Tous deux se rendirent alors dans le petit cabanon près de la piscine, là où étaient rangés les produits d'entretien. Ses poings serrés, sa nervosité, tout trahissait dans son attitude son impatience d'entendre ce que Mattéo avait de si important à lui dire.

— Je suis vraiment désolé de t'avoir entraînée dans cette histoire Nela. Mais comprends-moi, comment aurais-je pu savoir qu'on allait retrouver Édouard transformé en glaçon, pendu à un arbre ? Je pensais qu'on allait s'amuser pas que...

— Il est mort, Matt ! Tu te rends compte ? Et bientôt ta curiosité va te mener à la tombe toi aussi, et je ne veux en aucun cas être mêlée à ça.

— Ne remets pas toute la faute sur moi, je ne t'ai pas forcée à me suivre non plus. Et puis, Juliana ne nous a pas punis, tu devrais être heureuse, je ne te comprends vraiment pas parfois...

Nela resta figée.

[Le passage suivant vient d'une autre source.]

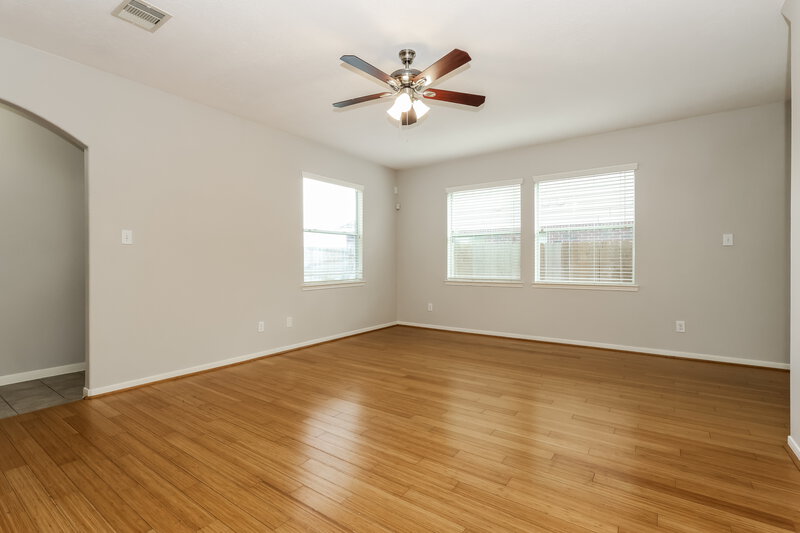 2,190/Mo, 12011 Summer Range Dr Humble, TX 77346 Living Room View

Comment pouvait-il dire ça après l'horrible accident auquel ils avaient assisté. Après une grande inspiration, sans relever la dernière phrase de Mattéo, elle commença à reprendre le chemin de la piscine. Il fallait qu'elle garde son sang-froid, c'était sa seule mission, rester discrète. Mais comment pouvait-elle rester de glace devant son ami si désinvolte face au décès d'un de leurs camarades ? Ce n'était pour lui qu'un accident banal, peut-être regrettable, mais pas assez pour s'en vouloir d'avoir laissé le garçon mourir dans d'atroces conditions.

— Je t'en prie Nela, ne le prends pas comme ça, on n'aurait rien pu faire de toute façon...

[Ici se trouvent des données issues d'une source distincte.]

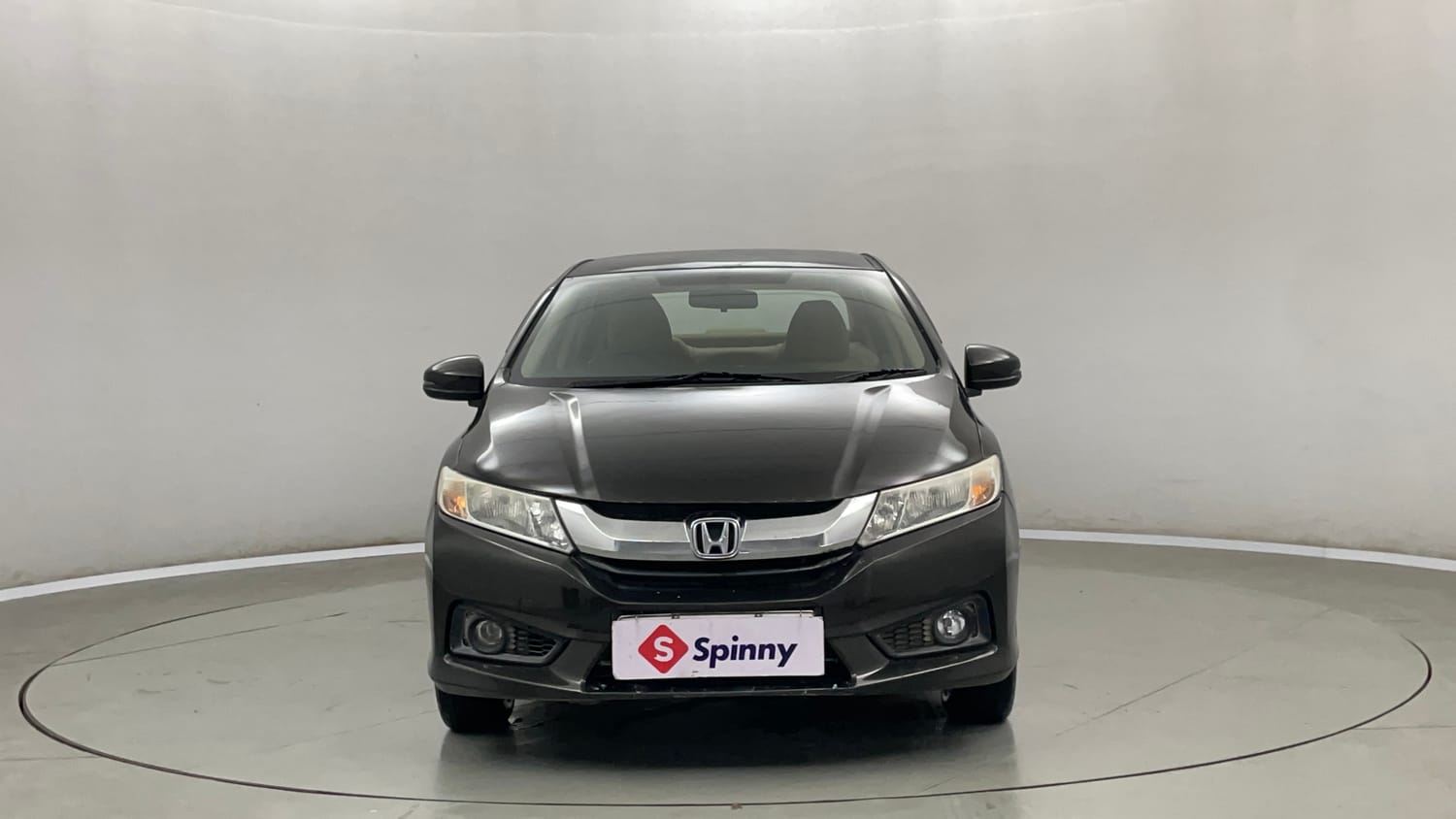 Used 2015 Honda City V Diesel Diesel Manual exterior FRONT VIEW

— Ah oui ? Si Juliana et le concierge étaient arrivés quelques instants plus tard, tu y as pensé à ça ? Peut-être aurions-nous eu une autre idée stupide nous aussi, peut-être aurions-nous pu le tuer nous aussi, simplement en voulant l'aider !

— Arrête... Ne pense plus à ça... Une cérémonie va être donnée en son nom, j'ai entendu Juliana en discuter avec un professeur, on pourra tous faire notre deuil. Mais en attendant, tu ferais mieux de ne plus y penser.

— Quoi ? Mais comment veux-tu que je ne pense plus à ça ?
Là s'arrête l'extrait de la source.